ValueError – If no matrix set (update_matrix first) or shapes/dtypes/devices invalid.

update_matrix(A_sparse: Tuple[Tensor, Tensor, int, int], structure_changed: bool | None = None) → None[source]¶

Set or update the matrix A: factorize and cache.

Call before the first solve; call again whenever A changes.

Parameters:

A_sparse – Sparse matrix tuple (index, value, m, n).
structure_changed – If True, sparsity pattern changed (full refactorization); if False, only values changed (fast update). If None, auto-detect from previous A.

Raises:

ValueError – If matrix shape/type incompatible with solver, or invalid dtypes/devices.

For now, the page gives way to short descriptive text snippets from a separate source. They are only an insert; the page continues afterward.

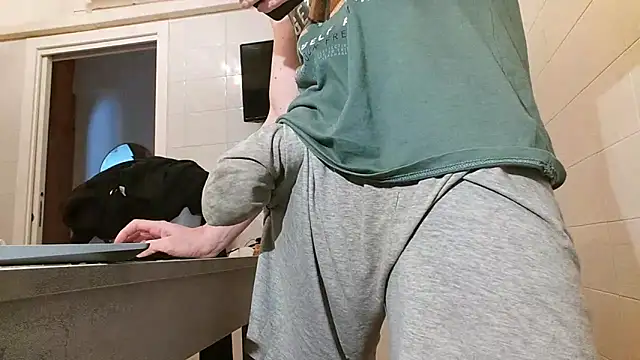 Snapshot of asa92921 chatting on March 21, 1:45 pm asa92921 online show from March 21, 1:45 pm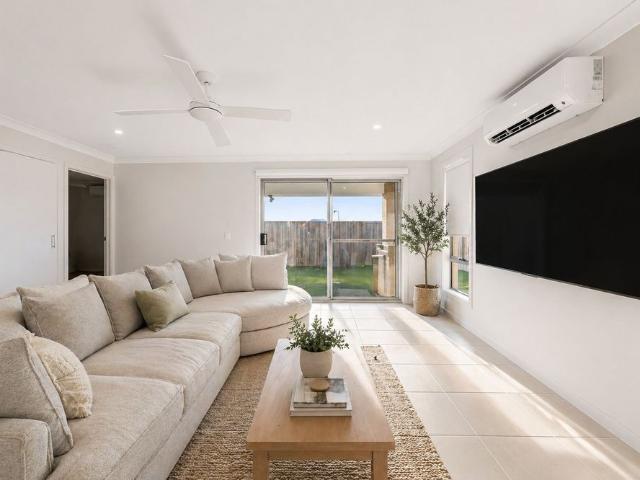 House for rent in Greenbank, Greater Brisbane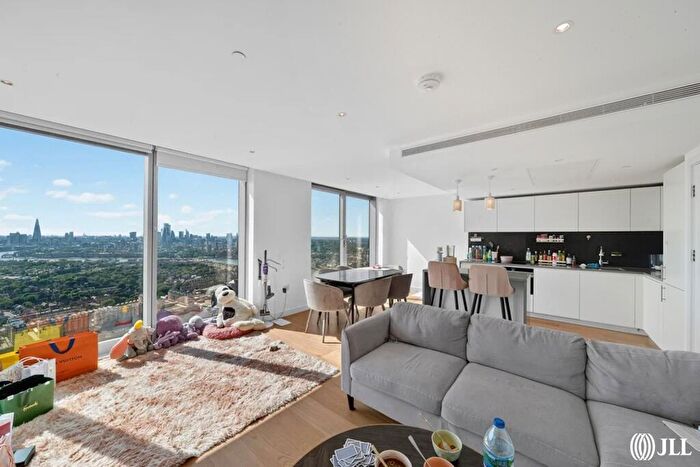 2 Bedroom Apartment For Sale In Marsh Wall London, E14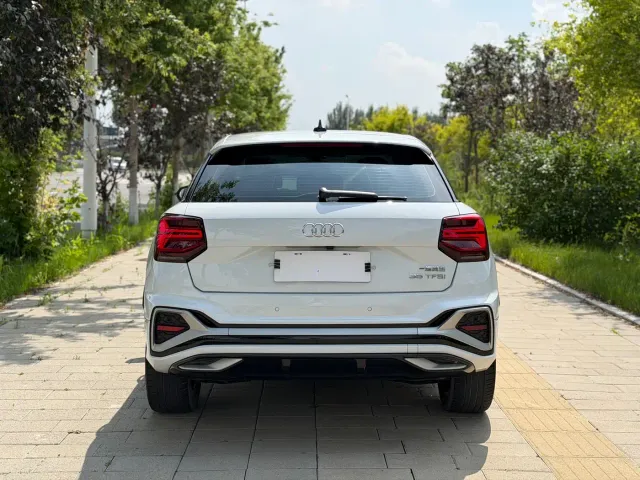 Audi Q2L — Фото автомобиля 23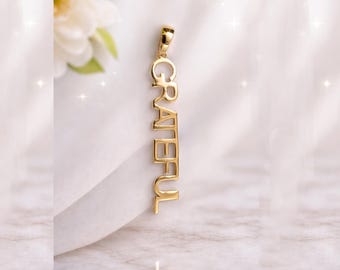 Pingente "Gratidão" em ouro amarelo 14k, com nome personalizado.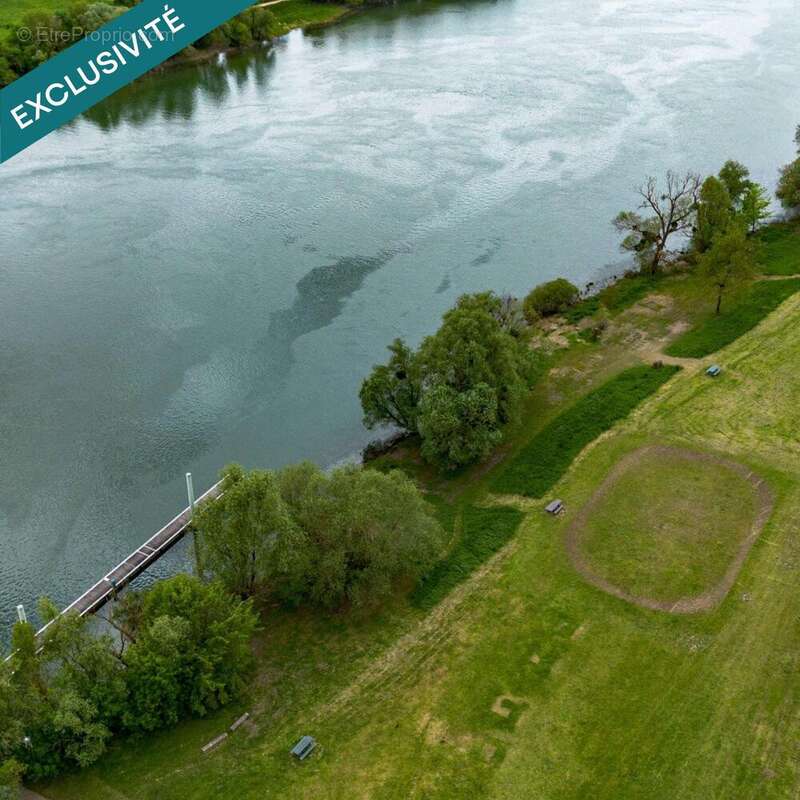 Photo 2 - Commerce à MACON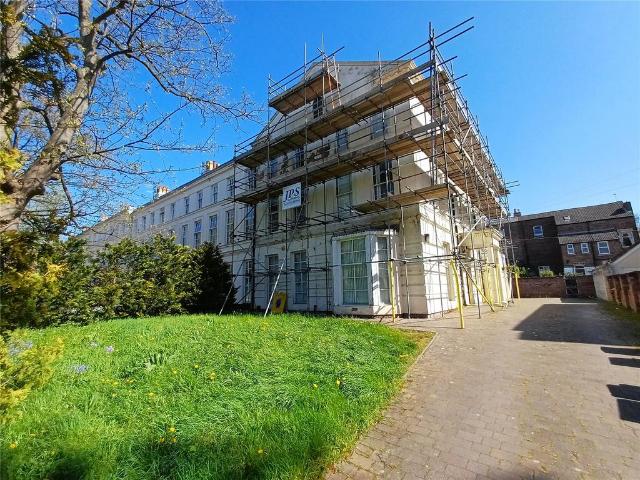 Flat for sale in Calderstones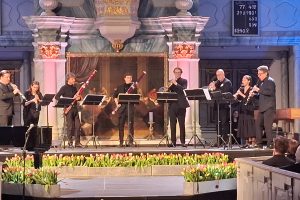 Her fremfører KonstKnekt blåseoktett 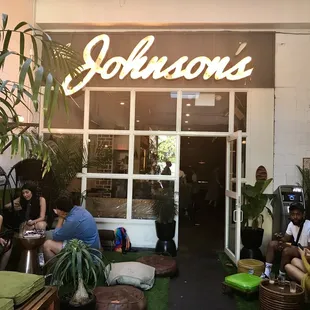 Shouldn't it be "the Johnsons' "?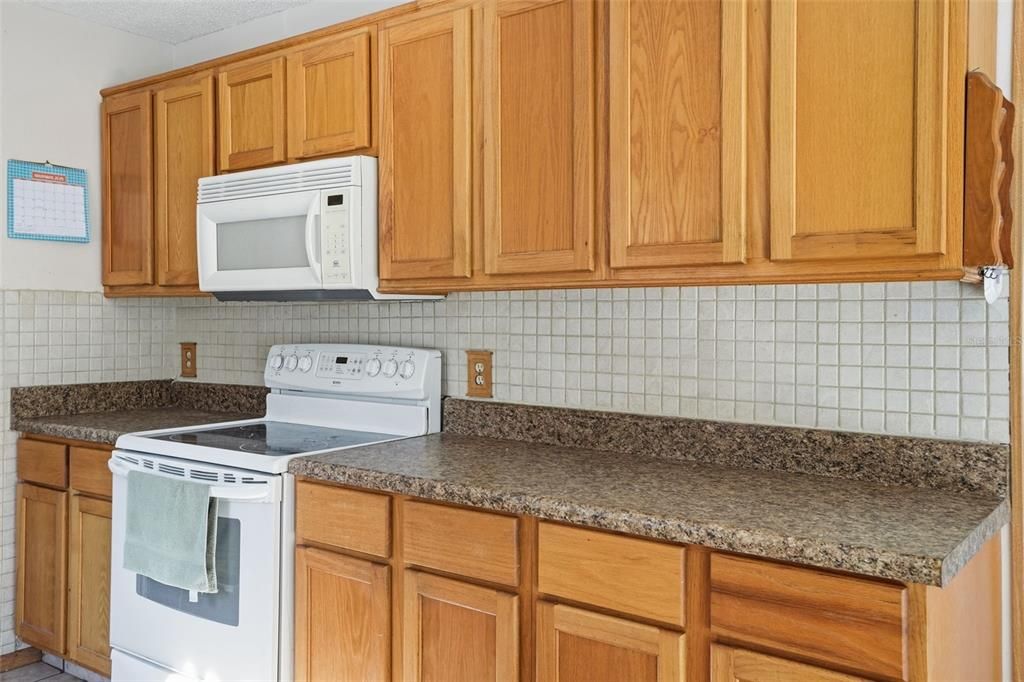 Activo con contrato: $160,000 (2 camas, 2 baños, 1159 Pies cuadrados)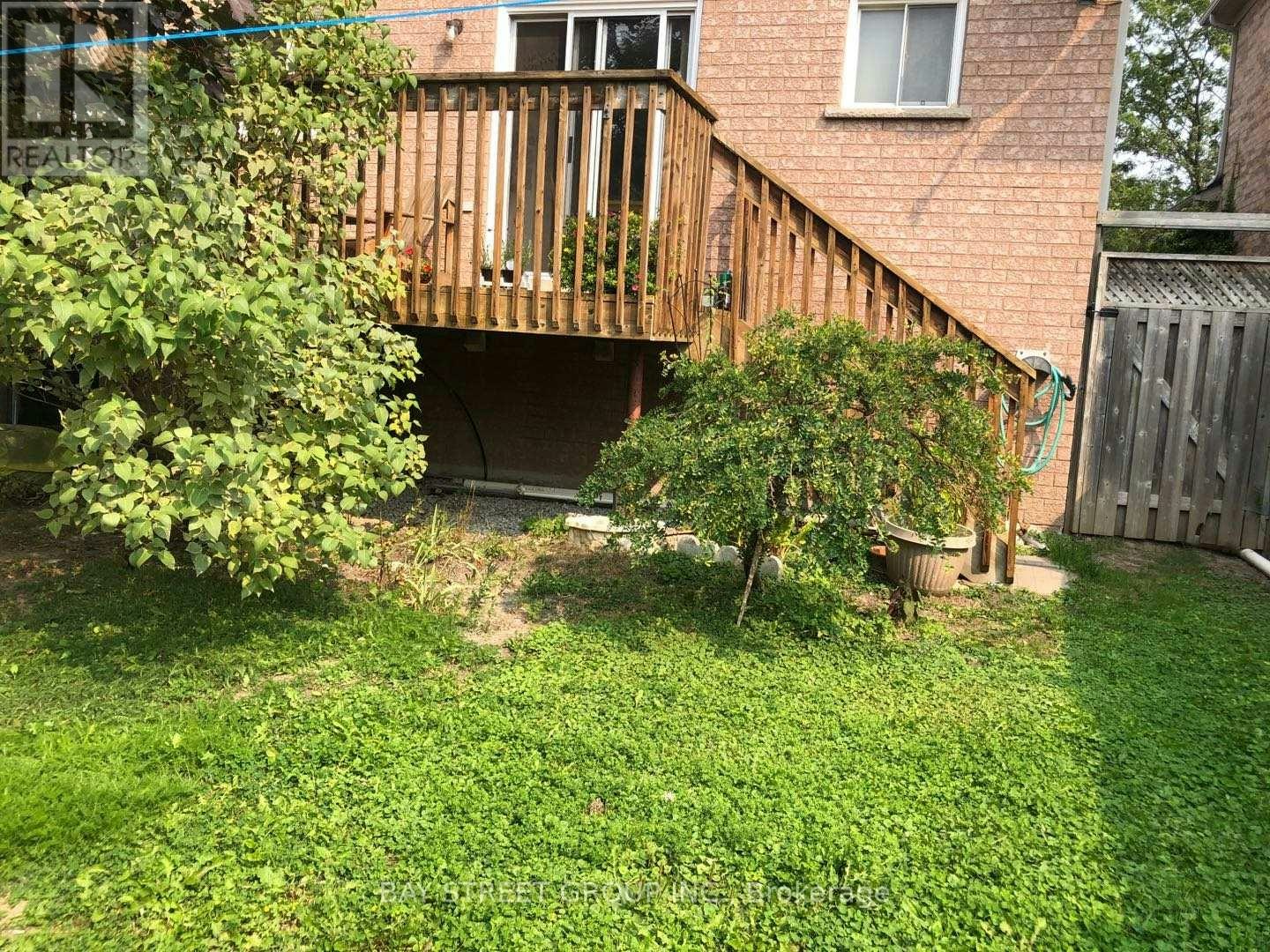 10 Moresby Street, Richmond Hill, ON, L4B 4K8 - 11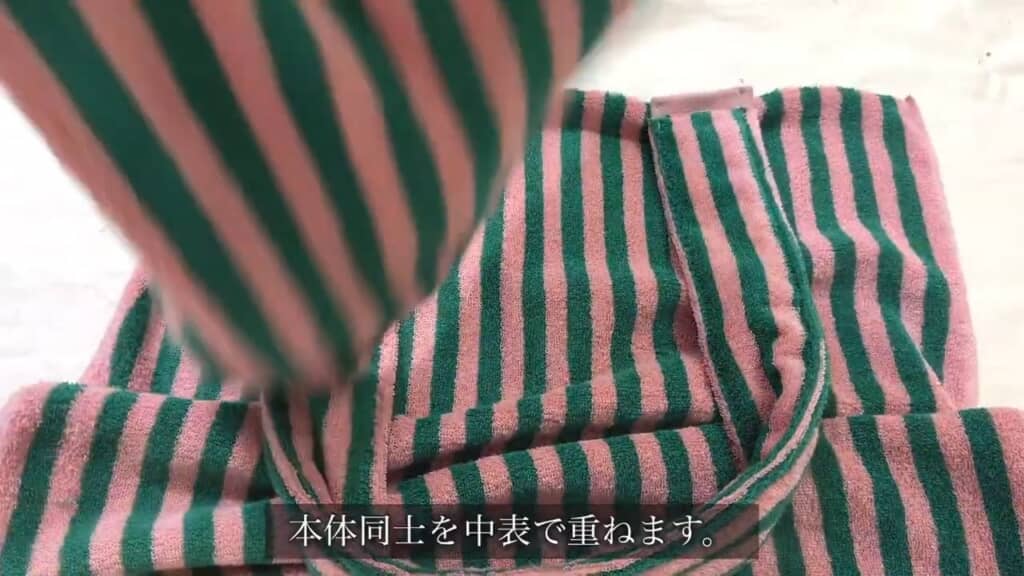 ミニバスタオルにフェイスタオルを付けたら、縫い付けた側を内側に2組を重ねる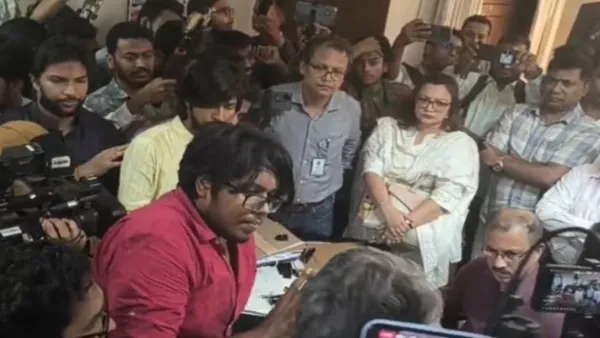 ডাকসু ফান্ডের হিসাব প্রকাশসহ ৩ দাবিতে ট্রেজারার অফিস ঘেরাও 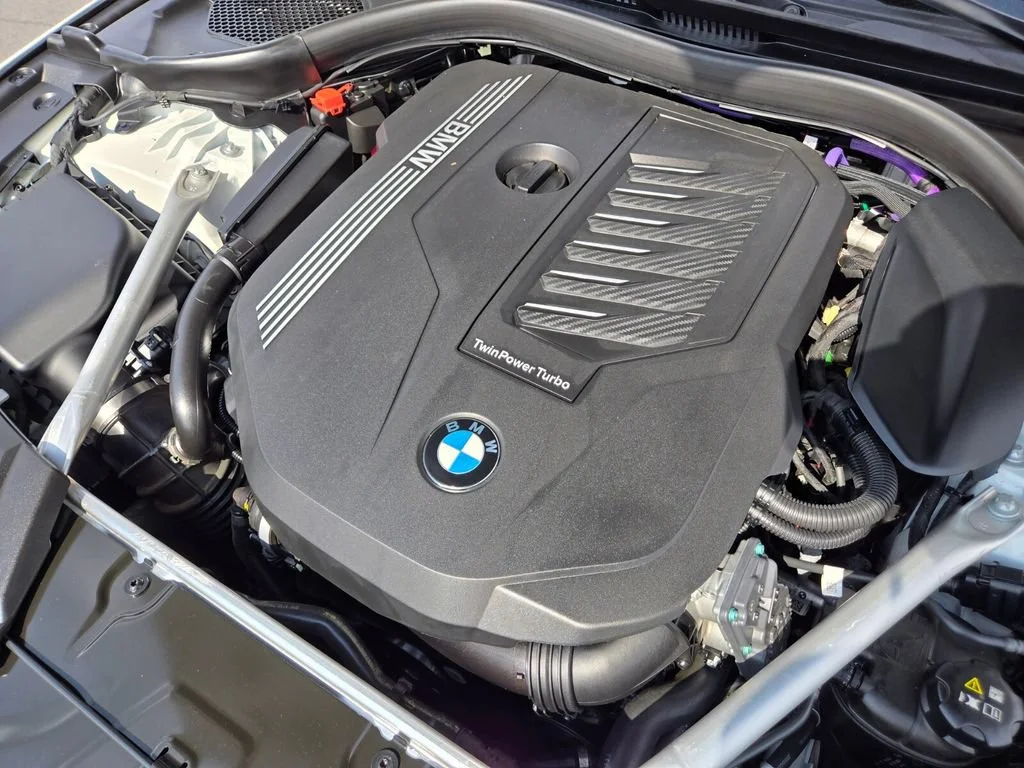 Used 2023 Alpine White BMW 540i image 18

class cudass.MatrixProperties(shape: Tuple[int, int], is_square: bool, is_overdetermined: bool, is_underdetermined: bool, is_singular: bool | None = None)[source]¶

Bases: object

Validated or derived matrix properties (e.g. from shape). For validation only.

is_overdetermined: bool¶

is_singular: bool | None = None¶

is_square: bool¶

is_underdetermined: bool¶

shape: Tuple[int, int]¶

class cudass.MatrixType(value)[source]¶

Bases: Enum

Matrix type for solver selection. Real matrices only (float32/float64).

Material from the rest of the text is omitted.